Dataset =>
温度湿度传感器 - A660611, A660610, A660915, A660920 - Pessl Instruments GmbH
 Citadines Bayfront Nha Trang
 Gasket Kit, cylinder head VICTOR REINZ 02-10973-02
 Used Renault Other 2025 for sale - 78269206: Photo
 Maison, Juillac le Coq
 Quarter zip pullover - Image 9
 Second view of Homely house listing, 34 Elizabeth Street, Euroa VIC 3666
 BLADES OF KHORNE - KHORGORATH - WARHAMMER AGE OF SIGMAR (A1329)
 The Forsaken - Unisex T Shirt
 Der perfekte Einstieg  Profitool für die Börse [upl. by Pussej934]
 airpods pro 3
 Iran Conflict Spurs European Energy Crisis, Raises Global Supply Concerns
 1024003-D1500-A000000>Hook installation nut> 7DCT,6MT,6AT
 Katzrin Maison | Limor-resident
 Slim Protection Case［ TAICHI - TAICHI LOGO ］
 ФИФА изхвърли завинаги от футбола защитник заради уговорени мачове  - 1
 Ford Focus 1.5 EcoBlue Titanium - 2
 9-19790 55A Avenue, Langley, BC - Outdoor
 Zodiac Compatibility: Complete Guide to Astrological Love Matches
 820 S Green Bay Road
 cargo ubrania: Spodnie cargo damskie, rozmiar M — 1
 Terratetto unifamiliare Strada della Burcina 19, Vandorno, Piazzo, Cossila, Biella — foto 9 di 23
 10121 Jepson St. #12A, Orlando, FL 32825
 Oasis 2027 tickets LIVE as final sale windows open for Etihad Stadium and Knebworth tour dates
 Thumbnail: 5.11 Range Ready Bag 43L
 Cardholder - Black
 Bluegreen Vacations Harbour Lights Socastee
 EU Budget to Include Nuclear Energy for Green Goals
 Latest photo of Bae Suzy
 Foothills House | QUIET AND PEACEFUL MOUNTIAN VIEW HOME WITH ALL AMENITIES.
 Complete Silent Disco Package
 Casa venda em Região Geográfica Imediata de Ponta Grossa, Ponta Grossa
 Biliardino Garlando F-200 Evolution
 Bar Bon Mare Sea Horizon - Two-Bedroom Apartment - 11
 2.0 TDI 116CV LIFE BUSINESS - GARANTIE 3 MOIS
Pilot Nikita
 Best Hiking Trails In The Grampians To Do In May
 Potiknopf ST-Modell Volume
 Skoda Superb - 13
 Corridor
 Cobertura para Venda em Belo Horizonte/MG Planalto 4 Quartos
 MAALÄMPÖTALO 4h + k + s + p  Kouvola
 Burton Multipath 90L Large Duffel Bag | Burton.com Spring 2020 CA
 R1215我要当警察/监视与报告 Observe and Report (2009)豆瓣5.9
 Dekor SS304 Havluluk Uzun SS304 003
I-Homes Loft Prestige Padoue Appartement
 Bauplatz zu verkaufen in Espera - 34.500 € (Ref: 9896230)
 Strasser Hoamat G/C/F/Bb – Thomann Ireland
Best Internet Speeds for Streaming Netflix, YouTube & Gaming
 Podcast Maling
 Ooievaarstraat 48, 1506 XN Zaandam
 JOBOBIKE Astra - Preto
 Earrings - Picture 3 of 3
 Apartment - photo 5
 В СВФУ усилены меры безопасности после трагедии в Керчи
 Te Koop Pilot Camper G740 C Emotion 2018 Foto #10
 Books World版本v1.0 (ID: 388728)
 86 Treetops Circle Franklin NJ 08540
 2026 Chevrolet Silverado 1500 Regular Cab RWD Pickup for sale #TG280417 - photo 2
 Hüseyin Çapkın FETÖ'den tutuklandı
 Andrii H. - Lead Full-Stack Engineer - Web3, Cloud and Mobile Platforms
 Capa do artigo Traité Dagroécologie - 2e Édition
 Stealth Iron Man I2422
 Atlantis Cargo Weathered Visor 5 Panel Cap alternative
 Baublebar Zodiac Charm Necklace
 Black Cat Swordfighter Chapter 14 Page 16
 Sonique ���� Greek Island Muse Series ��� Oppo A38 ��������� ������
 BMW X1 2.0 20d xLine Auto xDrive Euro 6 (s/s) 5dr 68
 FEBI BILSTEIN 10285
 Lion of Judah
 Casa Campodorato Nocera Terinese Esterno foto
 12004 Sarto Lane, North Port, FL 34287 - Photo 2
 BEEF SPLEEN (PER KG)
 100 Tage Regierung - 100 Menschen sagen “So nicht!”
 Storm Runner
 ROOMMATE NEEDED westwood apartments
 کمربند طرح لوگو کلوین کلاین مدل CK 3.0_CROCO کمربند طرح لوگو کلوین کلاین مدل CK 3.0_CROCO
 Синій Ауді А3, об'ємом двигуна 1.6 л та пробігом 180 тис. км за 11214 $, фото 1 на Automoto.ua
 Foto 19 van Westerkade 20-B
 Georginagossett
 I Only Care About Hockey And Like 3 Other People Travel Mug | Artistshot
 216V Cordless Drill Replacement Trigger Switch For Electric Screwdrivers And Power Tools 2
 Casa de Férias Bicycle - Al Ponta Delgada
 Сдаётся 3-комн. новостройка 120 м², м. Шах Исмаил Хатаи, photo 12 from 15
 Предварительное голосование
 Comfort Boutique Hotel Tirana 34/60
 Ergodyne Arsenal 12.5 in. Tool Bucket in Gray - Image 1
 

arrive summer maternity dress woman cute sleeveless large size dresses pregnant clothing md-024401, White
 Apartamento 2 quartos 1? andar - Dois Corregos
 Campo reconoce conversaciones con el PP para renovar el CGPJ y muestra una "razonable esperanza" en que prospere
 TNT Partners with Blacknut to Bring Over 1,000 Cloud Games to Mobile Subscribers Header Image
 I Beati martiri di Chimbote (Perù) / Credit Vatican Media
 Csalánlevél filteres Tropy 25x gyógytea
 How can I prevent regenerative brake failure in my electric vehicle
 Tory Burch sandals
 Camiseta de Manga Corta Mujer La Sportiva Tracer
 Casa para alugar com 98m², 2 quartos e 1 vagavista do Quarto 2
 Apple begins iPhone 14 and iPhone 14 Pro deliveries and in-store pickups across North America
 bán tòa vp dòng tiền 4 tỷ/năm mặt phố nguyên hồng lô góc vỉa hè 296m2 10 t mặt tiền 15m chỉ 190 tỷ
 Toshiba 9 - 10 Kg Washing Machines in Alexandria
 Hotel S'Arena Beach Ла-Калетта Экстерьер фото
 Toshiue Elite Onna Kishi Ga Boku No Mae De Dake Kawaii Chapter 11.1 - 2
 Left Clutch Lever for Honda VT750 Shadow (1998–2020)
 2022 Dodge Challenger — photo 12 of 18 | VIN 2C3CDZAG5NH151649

Task description => The lines above from the one containing "Best Hiking Trails" through the one containing "Bauplatz zu verkaufen" are to be set down exactly, and no others.

Finished task =>
 Best Hiking Trails In The Grampians To Do In May
 Potiknopf ST-Modell Volume
 Skoda Superb - 13
 Corridor
 Cobertura para Venda em Belo Horizonte/MG Planalto 4 Quartos
 MAALÄMPÖTALO 4h + k + s + p  Kouvola
 Burton Multipath 90L Large Duffel Bag | Burton.com Spring 2020 CA
 R1215我要当警察/监视与报告 Observe and Report (2009)豆瓣5.9
 Dekor SS304 Havluluk Uzun SS304 003
I-Homes Loft Prestige Padoue Appartement
 Bauplatz zu verkaufen in Espera - 34.500 € (Ref: 9896230)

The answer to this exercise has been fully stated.